(Material to process)

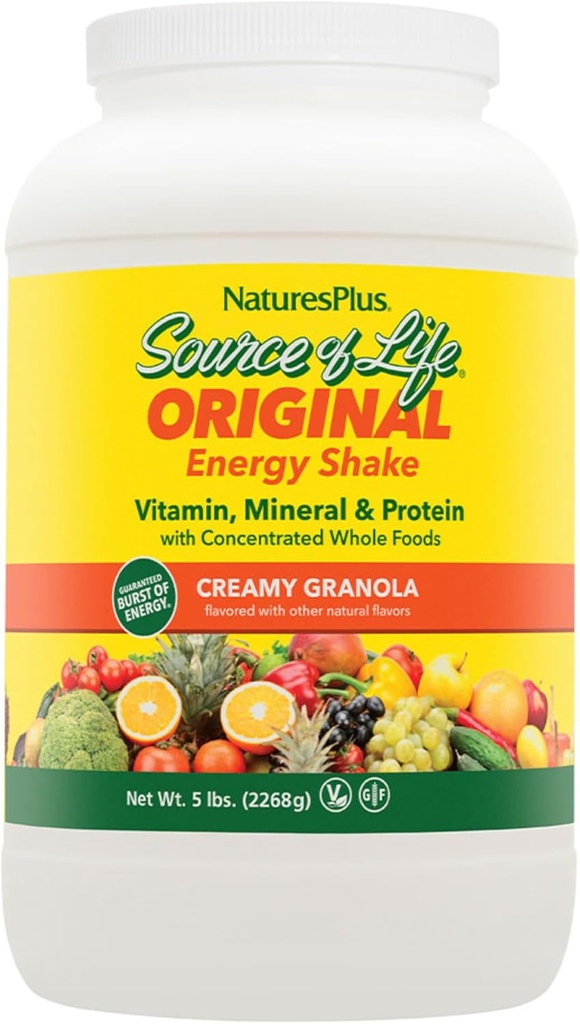 NaturesPlus Dzīves avots Enerģijas Shake, Creamy Granola - 5 mārciņas, Pack of 2 - Nodrošina 13g Complete Protein, Vitamīni un minerālvielas - Non-GMO, bez lipekļa, veģetārietis - 116 Kopā Kalpo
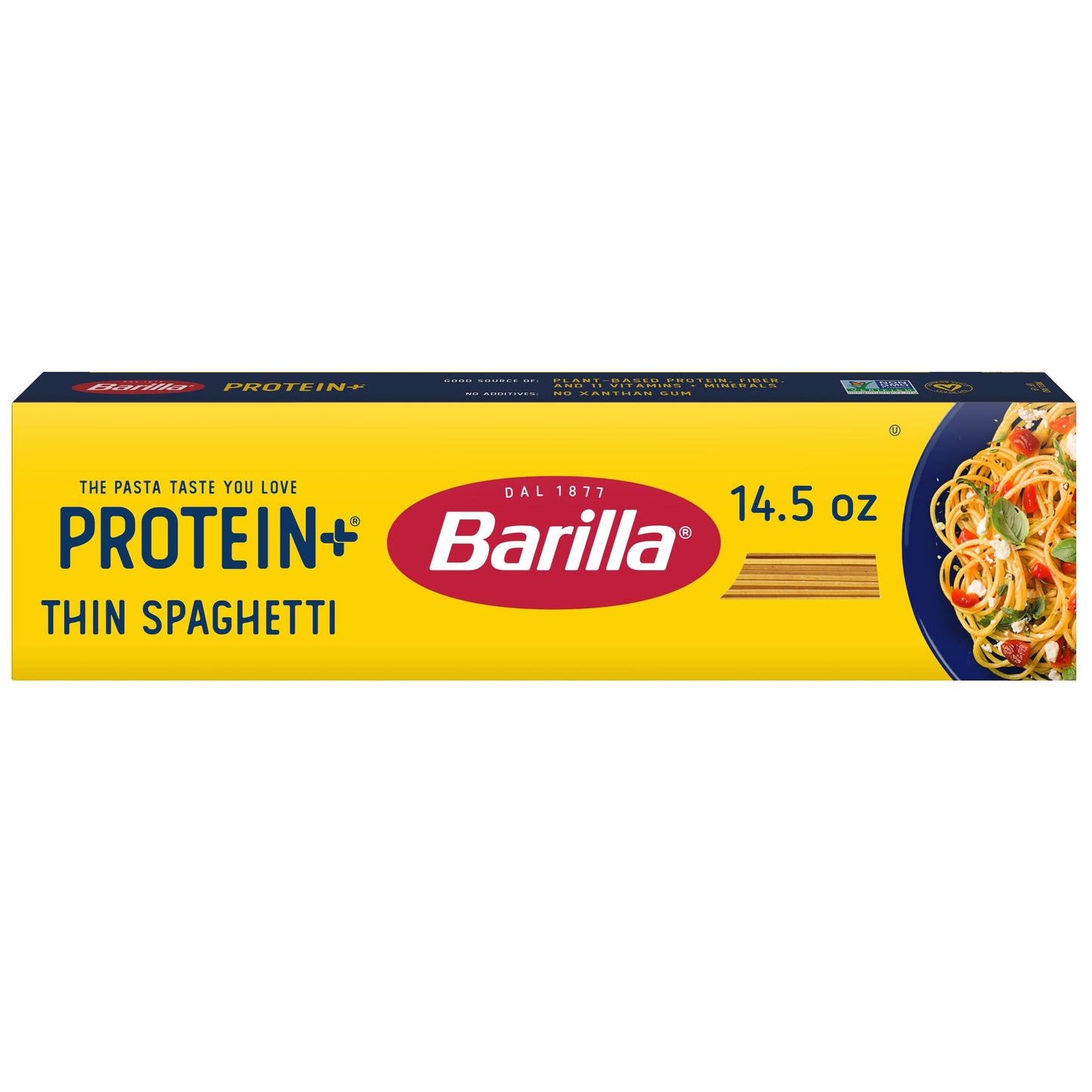 Barilla Protein+ (Plus) Thin Spaghetti Pasta, 14.5 Ounce - plant based - Made from Lentils, Chickpeas & Peas - Non-GMO, Kosher Certified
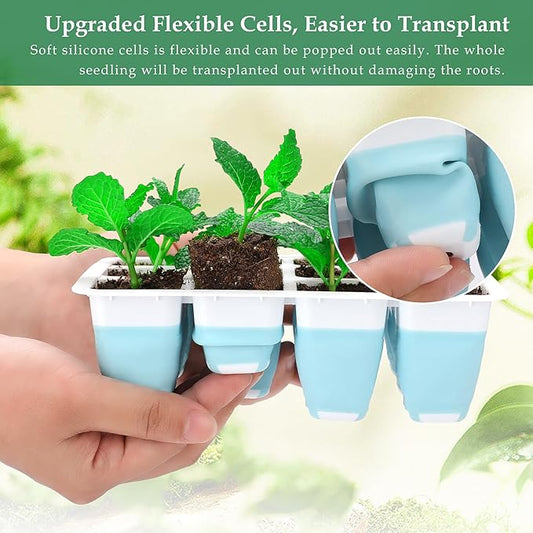 12 PCS Reusable Seed Starter Tray, 144 Cells Seed Starter Kit with Flexible Pop-Out Cells, Seedling Starter Trays for Seed Starter, Indoor Greenhouse Seeding Planting Growing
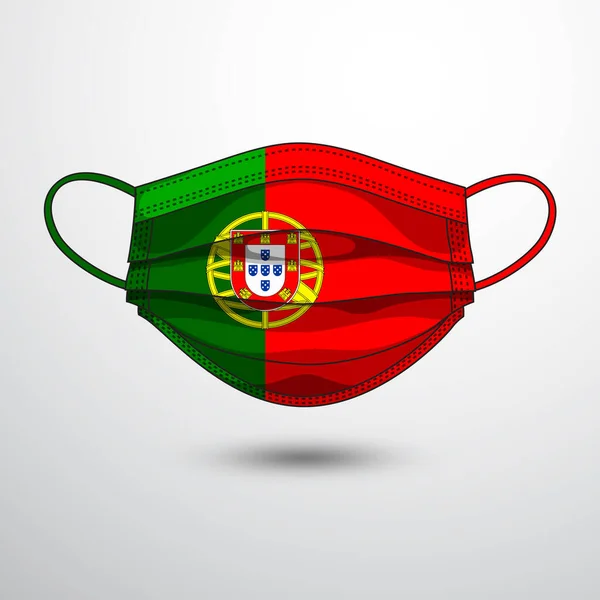 Máscara Médica Con Bandera Nacional Portugal Como Icono Blanco Virus — Vector de stock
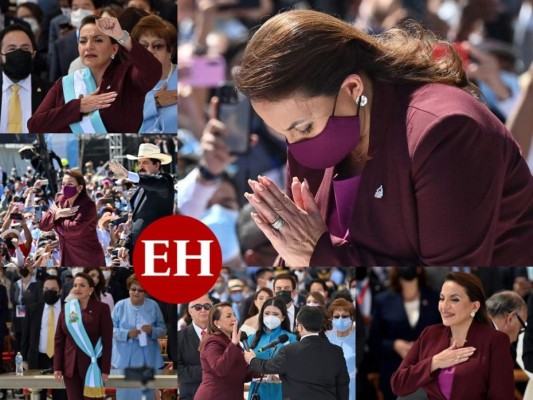 'Prometo ser fiel a la República, cumplir y hacer cumplir la Constitución y sus leyes', dijo la nueva gobernante de Honduras Xiomara Castro de Zelaya ante la jueza Karla Romero, quien la juramentó este jueves con la presencia de unos 29 mil asistentes en la capital hondureña, Tegucigalpa.A continuación las imágenes más emotivas captadas mientras tomaba promesa de ley y tras la imposición de la banda presidencial azul turqueza. Dale clic a la galería. FOTOS: AFP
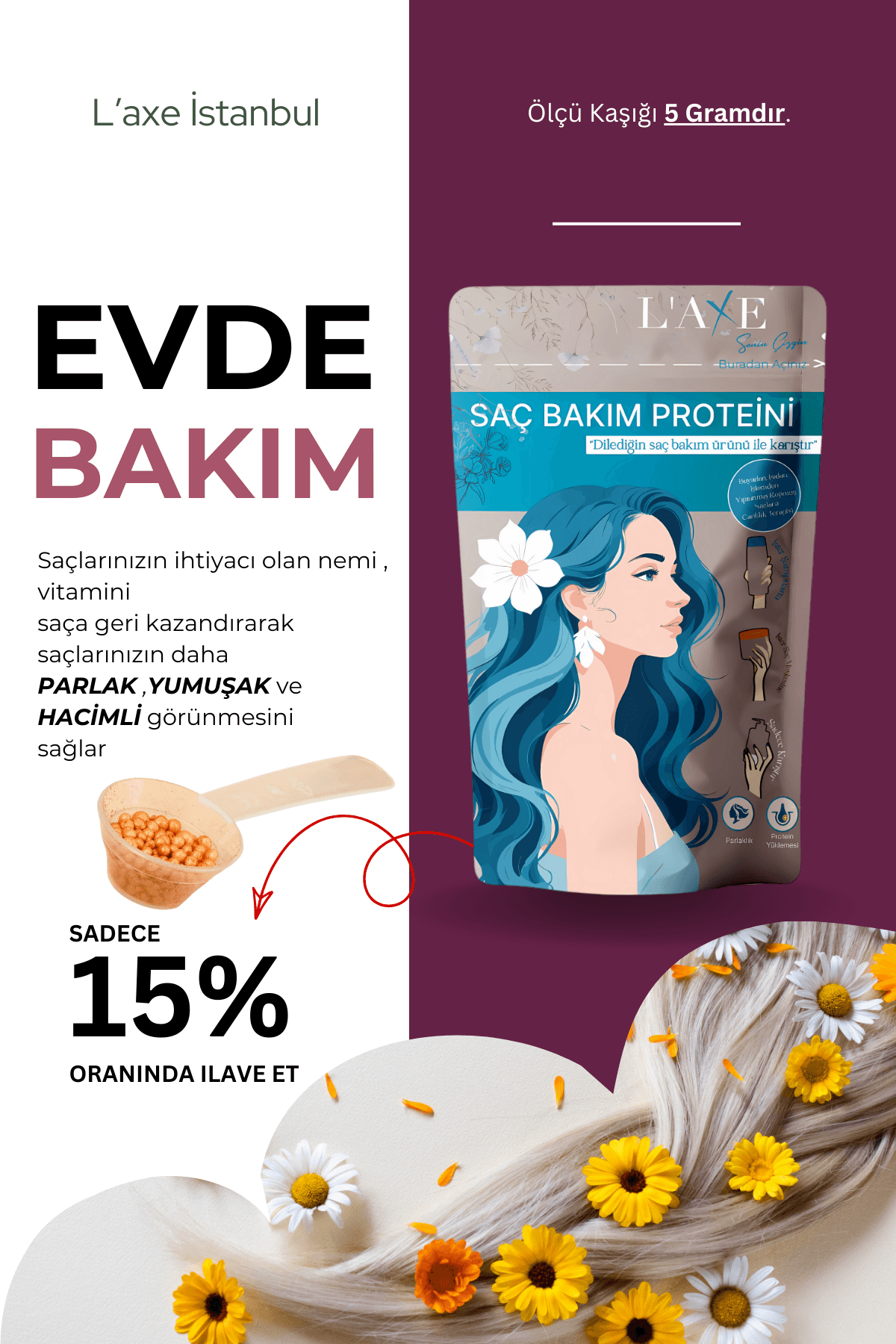 Kuru-Cansız Saçlara Parlaklık Terapisi | Saç Bakım Proteini | 100 Gram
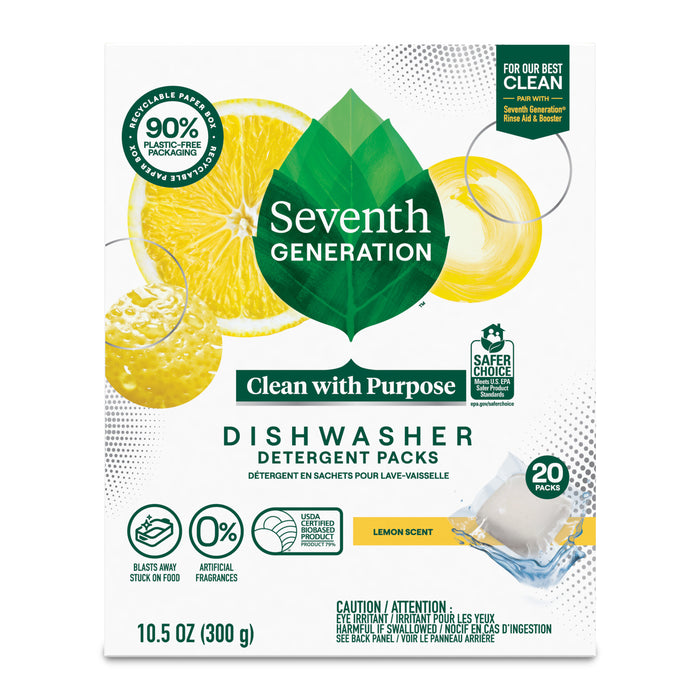 Seventh Generation Dishwasher Detergent Packs, lemon scent, come in packaging made with 90% plastic-free material. Each box contains 20 eco-friendly packs with a chlorine-free, enzyme-rich formula.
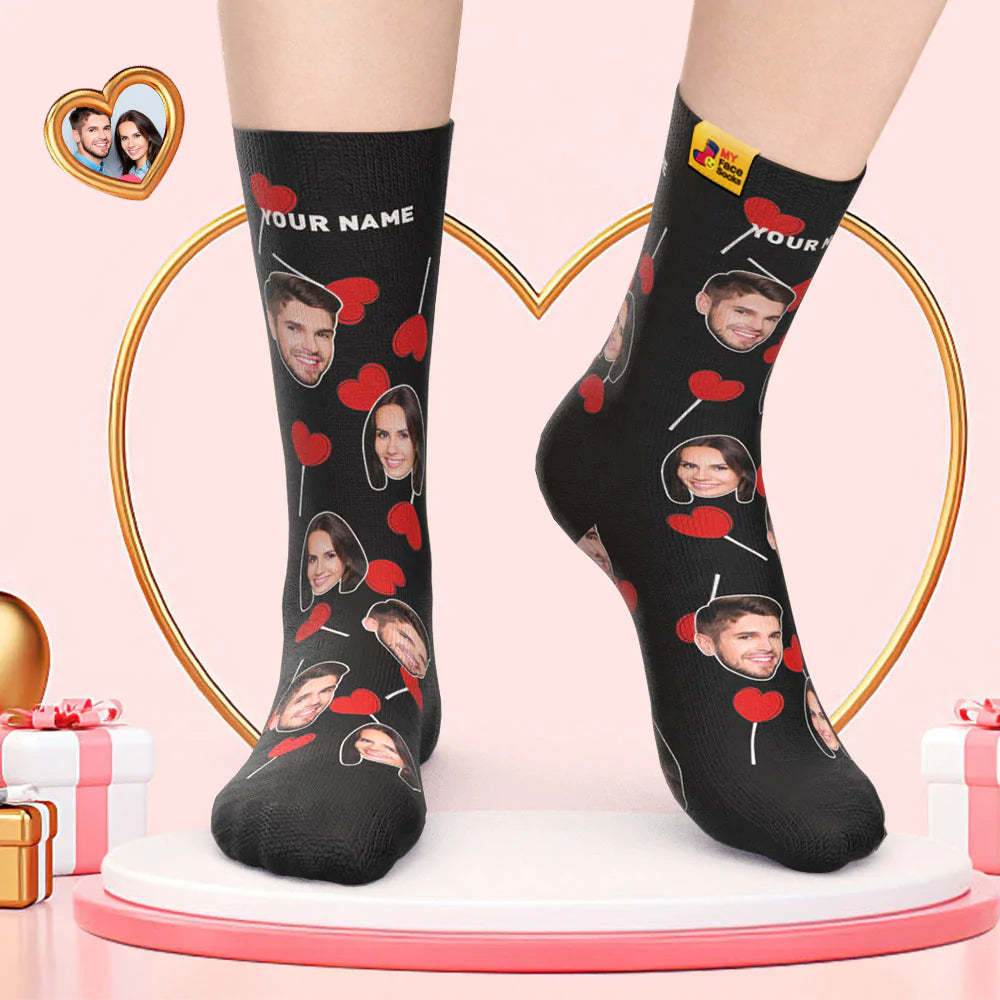 Calcetines De Cara Personalizados Regalo Del Día De San Valentín Agregar Imágenes Y Nombre Calcetines De Cara De Piruletas De Corazón - MyFaceSocksMX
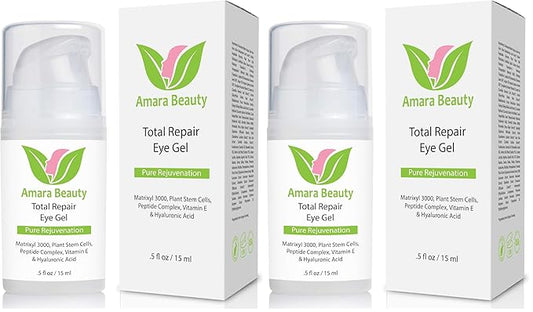Amara Beauty Eye Cream Gel for Dark Circles and Puffiness with Peptides & Hyaluronic Acid, 0.5 fl. oz. (Pack of 2)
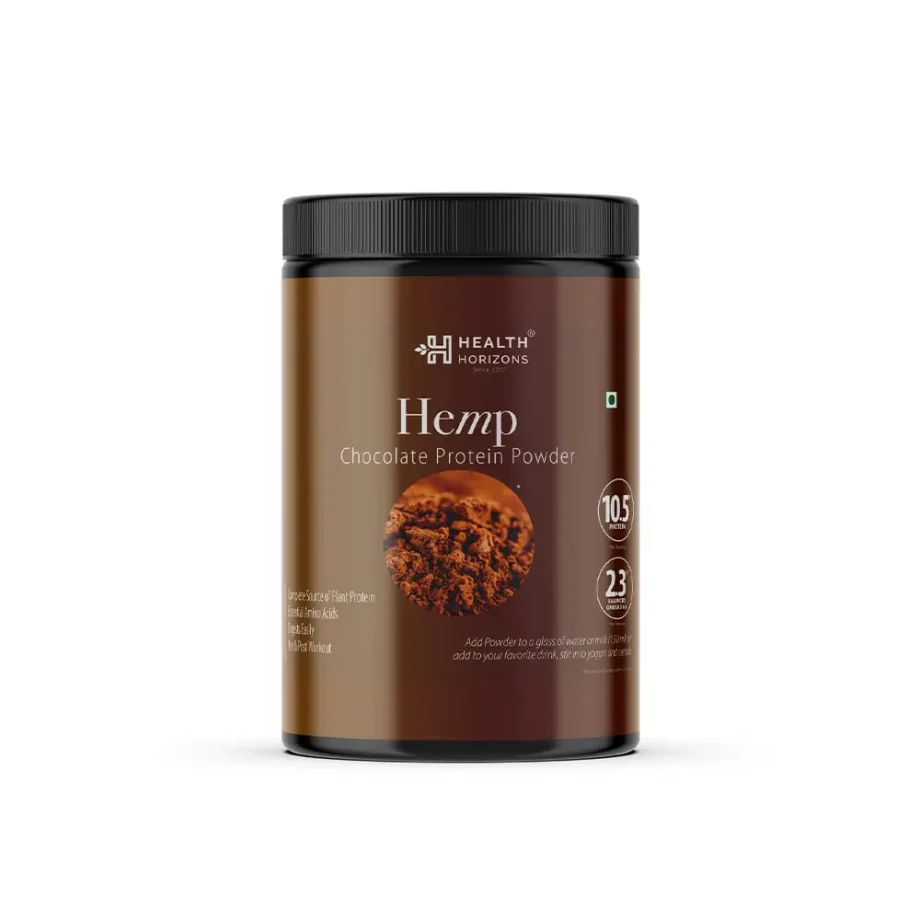 Health Horizons Ayurvedic Sativa Hemp Protein Powder - Chocolate Flavour (500gms) - Image 1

(End Material to process)

### [Task objective]
Give back, exactly as written, the lines from the top of the material through the line with "Kuru-Cansız Saçlara Parlaklık", ends included and pictures left aside.

### [Answer space]
 NaturesPlus Dzīves avots Enerģijas Shake, Creamy Granola - 5 mārciņas, Pack of 2 - Nodrošina 13g Complete Protein, Vitamīni un minerālvielas - Non-GMO, bez lipekļa, veģetārietis - 116 Kopā Kalpo
 Barilla Protein+ (Plus) Thin Spaghetti Pasta, 14.5 Ounce - plant based - Made from Lentils, Chickpeas & Peas - Non-GMO, Kosher Certified
 12 PCS Reusable Seed Starter Tray, 144 Cells Seed Starter Kit with Flexible Pop-Out Cells, Seedling Starter Trays for Seed Starter, Indoor Greenhouse Seeding Planting Growing
 Máscara Médica Con Bandera Nacional Portugal Como Icono Blanco Virus — Vector de stock
 'Prometo ser fiel a la República, cumplir y hacer cumplir la Constitución y sus leyes', dijo la nueva gobernante de Honduras Xiomara Castro de Zelaya ante la jueza Karla Romero, quien la juramentó este jueves con la presencia de unos 29 mil asistentes en la capital hondureña, Tegucigalpa.A continuación las imágenes más emotivas captadas mientras tomaba promesa de ley y tras la imposición de la banda presidencial azul turqueza. Dale clic a la galería. FOTOS: AFP
 Kuru-Cansız Saçlara Parlaklık Terapisi | Saç Bakım Proteini | 100 Gram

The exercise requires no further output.